● **WHAT IS EXPECTED**: As the answer, set down the lines below from the one containing "RPS-2406 Wheelock Regulated" through the one containing "627 13th Street #19, San Diego, CA 92154", exactly and inclusively, and no others.

Scraped caption text data:
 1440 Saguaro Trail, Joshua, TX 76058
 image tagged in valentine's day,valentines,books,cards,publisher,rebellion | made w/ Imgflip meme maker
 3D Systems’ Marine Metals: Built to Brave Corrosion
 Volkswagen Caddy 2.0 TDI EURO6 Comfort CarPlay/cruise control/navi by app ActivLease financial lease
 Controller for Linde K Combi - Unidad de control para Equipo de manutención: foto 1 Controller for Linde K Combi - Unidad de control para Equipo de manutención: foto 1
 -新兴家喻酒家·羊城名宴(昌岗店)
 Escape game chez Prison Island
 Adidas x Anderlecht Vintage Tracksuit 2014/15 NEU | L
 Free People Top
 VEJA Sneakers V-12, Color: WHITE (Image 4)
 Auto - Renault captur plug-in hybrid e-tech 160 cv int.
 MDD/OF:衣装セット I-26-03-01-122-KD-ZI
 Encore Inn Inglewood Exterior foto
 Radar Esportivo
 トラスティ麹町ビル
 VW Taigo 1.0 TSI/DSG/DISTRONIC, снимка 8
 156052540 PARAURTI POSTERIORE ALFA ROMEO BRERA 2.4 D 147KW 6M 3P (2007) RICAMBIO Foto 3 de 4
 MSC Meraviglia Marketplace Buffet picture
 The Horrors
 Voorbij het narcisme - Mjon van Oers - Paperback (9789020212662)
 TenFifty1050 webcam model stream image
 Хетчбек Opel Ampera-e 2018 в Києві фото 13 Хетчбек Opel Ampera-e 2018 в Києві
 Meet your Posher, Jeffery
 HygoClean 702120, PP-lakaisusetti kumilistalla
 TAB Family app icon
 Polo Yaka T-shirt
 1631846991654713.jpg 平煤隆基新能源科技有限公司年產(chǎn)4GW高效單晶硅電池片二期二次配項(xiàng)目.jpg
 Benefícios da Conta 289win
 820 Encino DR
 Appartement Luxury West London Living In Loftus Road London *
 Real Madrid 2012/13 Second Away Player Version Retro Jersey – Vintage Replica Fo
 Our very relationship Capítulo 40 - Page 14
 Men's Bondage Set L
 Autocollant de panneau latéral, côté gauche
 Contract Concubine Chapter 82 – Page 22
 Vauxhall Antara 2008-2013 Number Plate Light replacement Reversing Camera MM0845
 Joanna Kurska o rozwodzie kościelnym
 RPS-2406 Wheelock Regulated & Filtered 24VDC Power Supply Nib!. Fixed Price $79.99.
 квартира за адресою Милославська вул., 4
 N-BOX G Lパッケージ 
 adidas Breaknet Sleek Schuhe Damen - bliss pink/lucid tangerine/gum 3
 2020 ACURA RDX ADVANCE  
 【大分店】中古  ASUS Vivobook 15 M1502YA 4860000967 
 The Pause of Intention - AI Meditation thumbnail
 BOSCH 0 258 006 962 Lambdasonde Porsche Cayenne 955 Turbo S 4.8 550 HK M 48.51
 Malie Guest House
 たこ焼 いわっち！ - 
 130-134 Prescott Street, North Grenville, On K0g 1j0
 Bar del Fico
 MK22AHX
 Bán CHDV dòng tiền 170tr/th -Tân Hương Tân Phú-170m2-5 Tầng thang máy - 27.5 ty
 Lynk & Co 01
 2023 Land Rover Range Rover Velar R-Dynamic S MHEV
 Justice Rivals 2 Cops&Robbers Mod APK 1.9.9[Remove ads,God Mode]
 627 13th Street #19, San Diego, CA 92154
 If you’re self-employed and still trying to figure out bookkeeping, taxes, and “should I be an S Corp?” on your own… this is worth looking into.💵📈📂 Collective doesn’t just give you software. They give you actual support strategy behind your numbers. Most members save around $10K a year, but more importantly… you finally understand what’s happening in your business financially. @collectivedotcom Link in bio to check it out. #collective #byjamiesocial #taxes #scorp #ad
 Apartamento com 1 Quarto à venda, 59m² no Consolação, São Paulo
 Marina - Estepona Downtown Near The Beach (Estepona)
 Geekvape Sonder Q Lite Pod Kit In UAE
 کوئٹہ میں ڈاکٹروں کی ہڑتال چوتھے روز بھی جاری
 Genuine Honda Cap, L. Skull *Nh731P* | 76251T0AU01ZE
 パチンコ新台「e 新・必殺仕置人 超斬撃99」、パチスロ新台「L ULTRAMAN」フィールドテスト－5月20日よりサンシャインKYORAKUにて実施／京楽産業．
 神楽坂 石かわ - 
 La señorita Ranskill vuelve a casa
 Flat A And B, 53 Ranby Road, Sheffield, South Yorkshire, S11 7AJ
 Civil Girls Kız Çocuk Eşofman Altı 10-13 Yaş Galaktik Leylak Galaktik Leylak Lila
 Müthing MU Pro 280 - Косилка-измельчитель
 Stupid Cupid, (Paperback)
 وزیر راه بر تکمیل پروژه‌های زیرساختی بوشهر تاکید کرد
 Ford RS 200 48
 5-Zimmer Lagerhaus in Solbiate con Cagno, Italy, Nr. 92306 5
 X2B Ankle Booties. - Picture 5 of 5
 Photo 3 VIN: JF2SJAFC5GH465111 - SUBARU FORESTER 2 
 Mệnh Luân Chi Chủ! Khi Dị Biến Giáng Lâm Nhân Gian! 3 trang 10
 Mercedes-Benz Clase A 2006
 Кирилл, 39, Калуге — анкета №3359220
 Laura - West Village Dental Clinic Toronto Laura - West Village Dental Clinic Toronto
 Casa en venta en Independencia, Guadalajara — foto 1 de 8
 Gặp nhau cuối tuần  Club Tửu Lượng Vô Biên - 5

● **OUTPUT**:
 RPS-2406 Wheelock Regulated & Filtered 24VDC Power Supply Nib!. Fixed Price $79.99.
 квартира за адресою Милославська вул., 4
 N-BOX G Lパッケージ 
 adidas Breaknet Sleek Schuhe Damen - bliss pink/lucid tangerine/gum 3
 2020 ACURA RDX ADVANCE  
 【大分店】中古  ASUS Vivobook 15 M1502YA 4860000967 
 The Pause of Intention - AI Meditation thumbnail
 BOSCH 0 258 006 962 Lambdasonde Porsche Cayenne 955 Turbo S 4.8 550 HK M 48.51
 Malie Guest House
 たこ焼 いわっち！ - 
 130-134 Prescott Street, North Grenville, On K0g 1j0
 Bar del Fico
 MK22AHX
 Bán CHDV dòng tiền 170tr/th -Tân Hương Tân Phú-170m2-5 Tầng thang máy - 27.5 ty
 Lynk & Co 01
 2023 Land Rover Range Rover Velar R-Dynamic S MHEV
 Justice Rivals 2 Cops&Robbers Mod APK 1.9.9[Remove ads,God Mode]
 627 13th Street #19, San Diego, CA 92154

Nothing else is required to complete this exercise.